Yeah, that’s one way of doing it.

One guesses the Vancouver-based electro-industrial quintet will travel by more traditional means to play its first show in the ’Peg, and Leeb says he’s anxious to see who will be drawn onto the dance floor.

“We’ve never played Winnipeg, and we’ve never played anywhere in Alberta,” Leeb says. “We’ve really only done Montreal and Toronto. But last time we went to Europe, almost every show was sold out. We’re interested to see who shows up.”

This cross-country jaunt has been a long time coming for FLA, which had to cancel the majority of its Canadian dates in 2006 after a disagreement with the company that provided its tour bus. The dispute effectively ended the band’s tour in support of 2006’s Artificial Soldier, so now the fivesome is using Fallout, a remix project due out April 24, as the hook for a new tour. The fresh effort is a collection of nine remixes primarily drawn from Artificial Soldier.

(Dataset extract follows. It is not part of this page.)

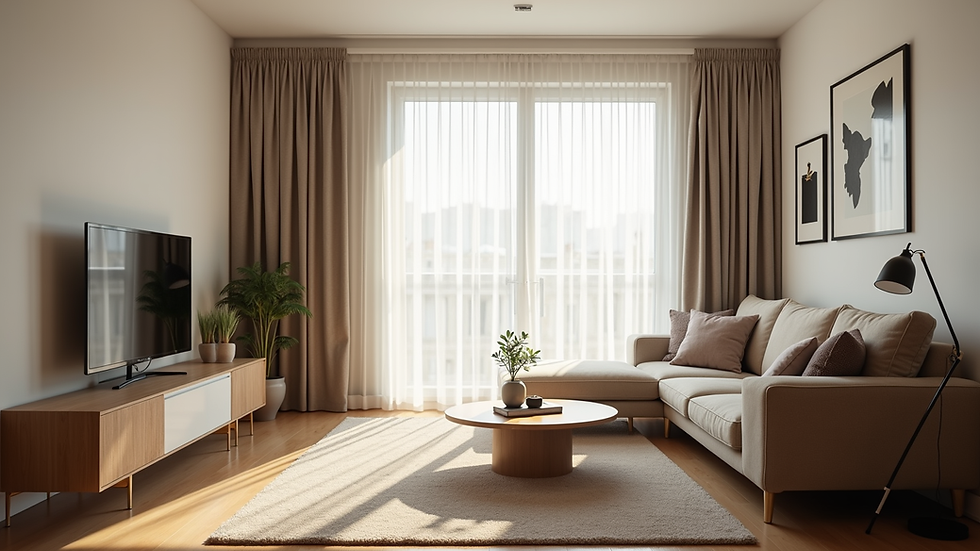 Eye-level view of a spacious family-friendly apartment living room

“It was sort of an unplanned accident that turned into a pretty good thing,” Leeb says of the Fallout project. “It was good because we don’t normally get to work within that domain too often. It was just really about having a few friends do their thing in their own way with our songs. It’s not all dedicated to the dance floor, as a lot of remixes are.”

With the emergence of bands such as MSTRKRFT and Holy Fuck, the indie-dance craze has been generating a lot of hipster hype. Industrial music is often regarded as electronica’s brooding older brother, but Nine Inch Nails hasn’t exactly been banned from mainstream rock radio.

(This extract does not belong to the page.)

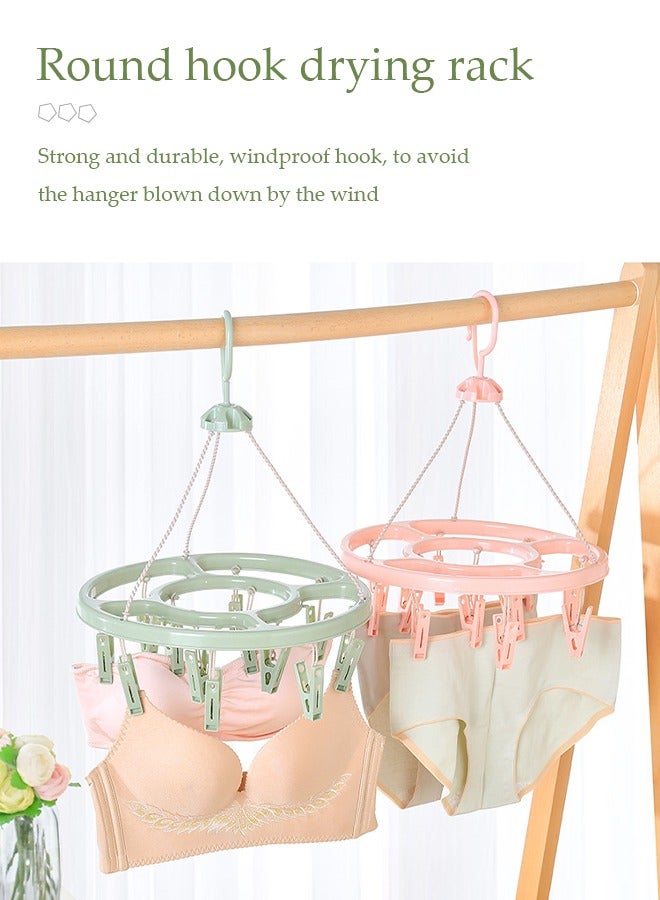 DUNISO 2 Pcs Laundry Drying Rack, 360 ° rotating clothes hanger, plastic removable laundry clips, circular hanger manager,with 18 clips,suitable for socks, underwear, towels  - Image 4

For FLA — which has been around since 1987 after Leeb left oft-dissed cult favourite Skinny Puppy — the North American resurgence of industrial and electronica has both pros and cons.

“North America is such a bandwagon culture,” Leeb says. “Few of us have managed to hang around — but Europe, it never goes away. Ironically, even when people start paying more attention to it, it never gets the attention it deserves.

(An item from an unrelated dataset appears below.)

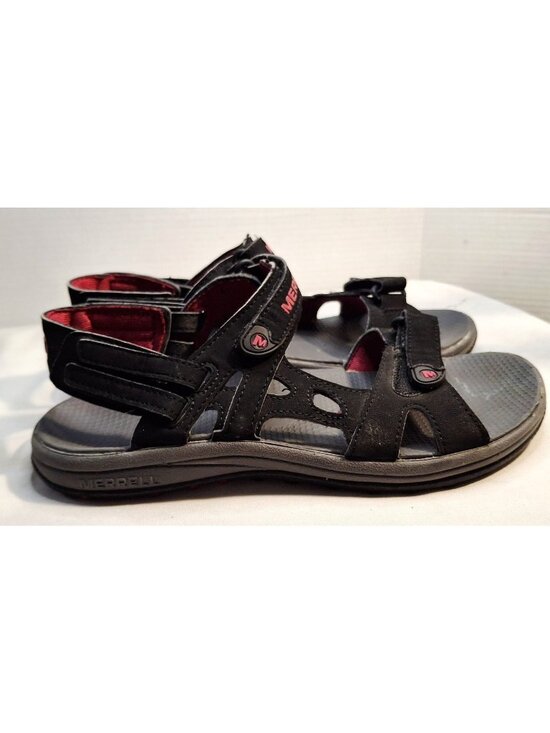 Merrell Shoes - Merrell Womens Black & Red Adjustable Strap Sandals Size 8 US Comfortable Perfor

“Like Fergie using a Kraftwerk sample. It kind of makes you shake your head. But I also think people like Trent Reznor have been doing great things to keep industrial alive in the U.S., and I also think that this culture is still really underground.”

While a lot of new bands have been digging up the industrial underground, Leeb has no problem with new bands and new fans. Technology, however, has changed how the entire scene emerges squinting from its basement hiding places.

“The sampler, the keyboard and Pro Tools have changed the whole machine,” he says. “And computers have taken it even further.

“Now it seems that if you’re computer-literate you can make an album. There are lots of bedroom-warrior guys making tunes in their bedroom — but it’s still nice to go see four guys with a message.”